(Short web captions)
________

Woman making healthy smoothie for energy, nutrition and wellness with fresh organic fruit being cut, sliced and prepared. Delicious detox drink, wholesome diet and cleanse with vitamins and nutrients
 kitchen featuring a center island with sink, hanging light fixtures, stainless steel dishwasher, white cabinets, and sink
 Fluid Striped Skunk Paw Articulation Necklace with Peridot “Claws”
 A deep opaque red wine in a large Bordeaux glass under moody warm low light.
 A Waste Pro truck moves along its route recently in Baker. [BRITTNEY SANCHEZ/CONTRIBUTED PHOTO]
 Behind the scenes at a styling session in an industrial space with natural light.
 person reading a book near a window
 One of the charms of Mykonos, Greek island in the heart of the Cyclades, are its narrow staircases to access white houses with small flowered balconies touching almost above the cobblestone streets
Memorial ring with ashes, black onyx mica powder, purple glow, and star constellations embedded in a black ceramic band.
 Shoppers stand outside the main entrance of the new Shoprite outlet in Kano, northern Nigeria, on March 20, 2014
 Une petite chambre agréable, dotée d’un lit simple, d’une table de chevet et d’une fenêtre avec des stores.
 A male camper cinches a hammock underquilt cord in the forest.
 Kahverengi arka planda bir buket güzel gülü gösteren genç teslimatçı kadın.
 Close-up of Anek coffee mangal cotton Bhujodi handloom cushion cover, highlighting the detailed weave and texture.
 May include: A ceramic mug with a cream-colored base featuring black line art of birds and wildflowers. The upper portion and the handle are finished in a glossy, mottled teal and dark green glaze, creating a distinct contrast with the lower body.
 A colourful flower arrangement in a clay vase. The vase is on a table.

________

**Problem**
Could you output the lines above, exactly as written, from the one containing "Close-up of Anek" through the last, with both ends included and no others?

**Completed exercise**
 Close-up of Anek coffee mangal cotton Bhujodi handloom cushion cover, highlighting the detailed weave and texture.
 May include: A ceramic mug with a cream-colored base featuring black line art of birds and wildflowers. The upper portion and the handle are finished in a glossy, mottled teal and dark green glaze, creating a distinct contrast with the lower body.
 A colourful flower arrangement in a clay vase. The vase is on a table.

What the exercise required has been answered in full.